Воспитанный на партиях Ботвинника, сам он считает идеальным стиль другого чемпиона мира — Смыслова: оригинальная стратегическая линия, ясность в игре и виртуозное ведение эндшпиля. Все эти качества во многом характерны и для него самого. Но все же главным в его партиях является динамика, он мгновенно реагирует на перемену обстановки на доске, и не случайно Карпов назвал его большим мастером контратаки, игры на перехват инициативы, которую Тимман чувствует очень тонко.
По стилю и манере игры Ян похож на своего сверстника — Рафика Ваганяна, только в чем-то был жестче, строже, профессиональнее, чем тот; достаточно сказать, что Тимман выиграл у Ваганяна первые семь партий. С другим своим одногодком - Карповым - Тимман провел за доской сотни часов, и, хотя общий счет явно не в его пользу, он выиграл у своего именитого соперника десять партий.

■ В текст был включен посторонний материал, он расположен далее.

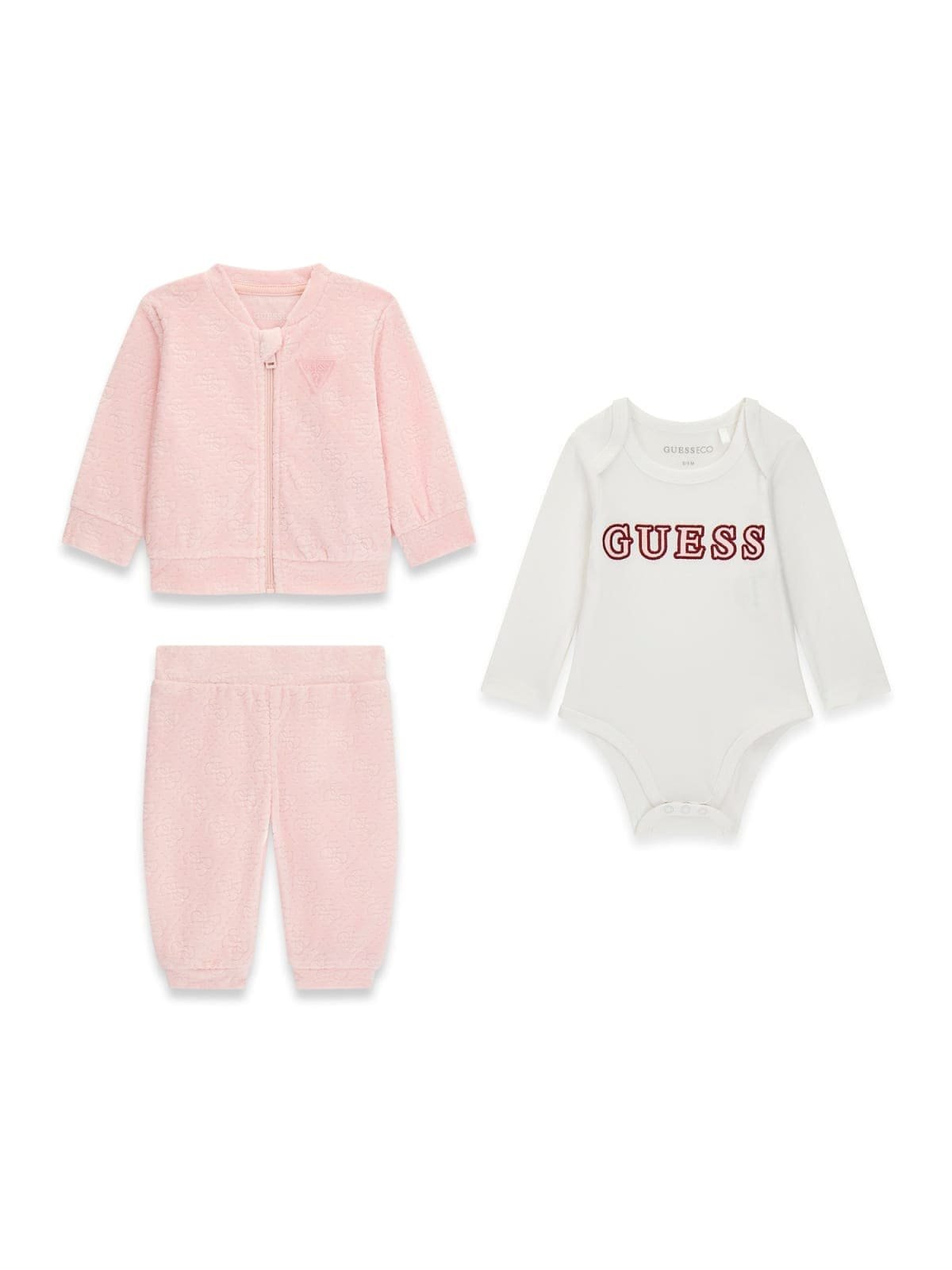 Chándal de bebé GUESS de 3 piezas en terciopelo con chaqueta, pantalón y body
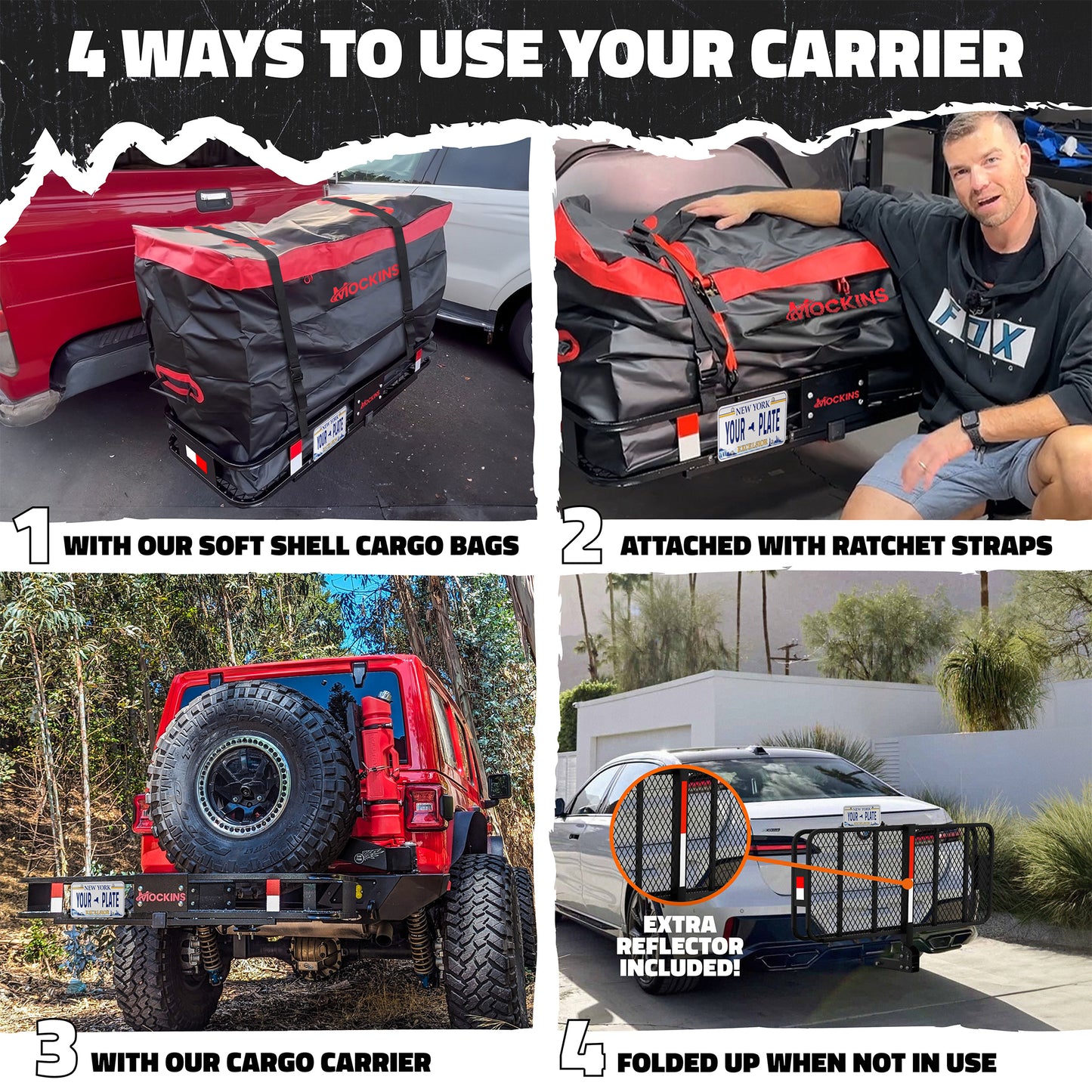 48"x18"x6" Hitch Carrier & 15 Cu Ft Cargo Bag + Packing Cubes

Все эти годы Тимман рассматривался в Голландии как преемник Эйве, и в 1979 году был учрежден специальный комитет Тиммана, который должен был помочь Яну в борьбе на первенство мира. Одним из его основателей явился Эйве: он хорошо помнил, как аналогичный комитет когда-то помог ему самому. Увы, комитет Тиммана просуществовал недолго: в 1980 году умер один из его членов — Валинг Дейкстра, а на следующий год и Макс Эйве.
Тимман - природный оптимист. Даже в последнее время, когда он нередко оказывается в нижней половине турнирной таблицы, все проигранные им партии кажутся ему нелепыми недоразумениями, а вот вьшгрыши — чем-то само собой разумеющимся. Конечно, между двумя безрассудными крайностями — убеждением, что ты всё можешь в шахматах, и убеждением, что тебе никогда ничего не удастся, — нужно твердо держаться середины, но коли уж выбирать, то мне кажется, что переоценка своих возможностей наносит меньший вред шахматисту, чем их недооценка. К тому же от супероптимизма легче излечиться: падая и набивая шишки, поневоле учишься объективности, в то время как боязнь угроз противника (как действительных, так и мнимых), страх перед именами, мысли о том, что будет в случае проигрыша, являются куда более трудным барьером на пути к высшим достижениям.
Абсолютная уверенность в правильности избранного плана, правильности именно этого маневра или варианта всегда отличала Тиммана, как и всех очень сильных шахматистов, с которыми мне довелось встречаться. Точно такой же он и в жизни.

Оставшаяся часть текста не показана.